Lehmann is at her literary best in her characterization of women and the anxieties of youth and love. The great theme of her fiction is the evanescent quality of love in a world where love is the only thing worth having. Although she will be remembered primarily for what was seen in her day as provocative content, more important is her significant contribution to the British novel: representations of consciousness and realism.

Author Works

Long Fiction:

Dusty Answer, 1927

A Note in Music, 1930

Invitation to the Waltz, 1932

The Weather in the Streets, 1936

The Ballad and the Source, 1944

The Echoing Grove, 1953

A Sea-Grape Tree, 1976

Short Fiction:

The Gipsy’s Baby, and Other Short Stories, 1946

Drama:

No More Music, pb. 1939

Nonfiction:

The Swan in the Evening: Fragments of an Inner Life, 1967 (autobiography)

Letters from Our Daughters, 1972 (with C. H. Sandys)

Rosamond Lehmann’s Album, 1985

Translation:

Genevieve, 1948 (by Jacques Lemarchand)

Children of the Game, 1955 (of Jean Cocteau’s novel Les Enfants terribles)

Bibliography

Hastings, Selina. Rosamond Lehmann: A Life. London: Chatto and Windus, 2002. A popular biography, emphasizing the events of Lehmann’s life and giving little on her literary output.

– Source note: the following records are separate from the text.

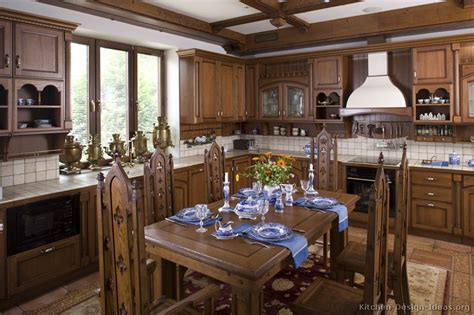 Beautiful old world kitchen with elegant backsplash. Old World Kitchen Designs - Photo Gallery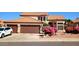 Inviting home featuring a well-manicured yard and attached two-car garage with a tile roof at 14021 N 29Th St, Phoenix, AZ 85032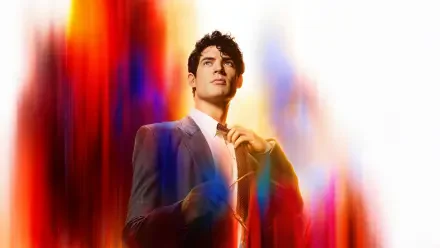 Superman (2025) in a suit, adjusting his tie amid vivid red, blue and gold light streaks — 8K Ultra HD PC desktop wallpaper background.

Lehmann, John. In My Own Time. Boston: Little, Brown, 1969. Probably the most important source of information on Rosamond Lehmann’s life, consisting of the three volumes of her brother’s memoirs published separately in earlier editions during the 1960s. The description of Rosamond’s childhood is especially revealing. Lehmann includes accounts of his sister’s numerous friendships, ranging from Bernard Berenson to Guy Burgess.

Le Stourgeon, Diana E. Rosamond Lehmann. New York: Twayne, 1969. A standard brief survey of Lehmann’s work, handicapped because it appeared before her brother’s memoirs. Notes her concentration on female characters; males are relegated to minor positions. Conflicts among different generations of women often figure at the center of Lehmann’s novels, which are reviewed in detail. Includes a bibliography of criticism of Lehmann with skimpy annotations.

Siegel, Ruth. Rosamond Lehmann: A Thirties Writer. New York: Peter Lang, 1989. The first two chapters provide a grounding in Lehmann’s life and the sources of her fiction. Subsequent chapters deal with her major novels. Includes family tree, notes, and bibliography.

Simons, Judy. Rosamond Lehmann. New York: St. Martin’s Press, 1992. Chapters on Lehmann’s life and background, women and modernism, the early novels, and realism. Separate chapters on Invitation to the Waltz, The Weather in the Streets, and The Ballad and the Source. One chapter on later works. Includes notes and bibliography.

Tindall, Gillian. Rosamond Lehmann: An Appreciation. London: Chatto and Windus, 1985. The most comprehensive critical study. Behind the surface readability of her novels, Lehmann is a "deep writer" who writes frequently of death, trying to puzzle out its meaning. Abortion and the death of the very young, in particular, figure often in her novels, as does rivalry between children and parents and relations between sisters. Discusses each of the novels, and many of the short stories, in elaborate detail. Contains no footnotes or index.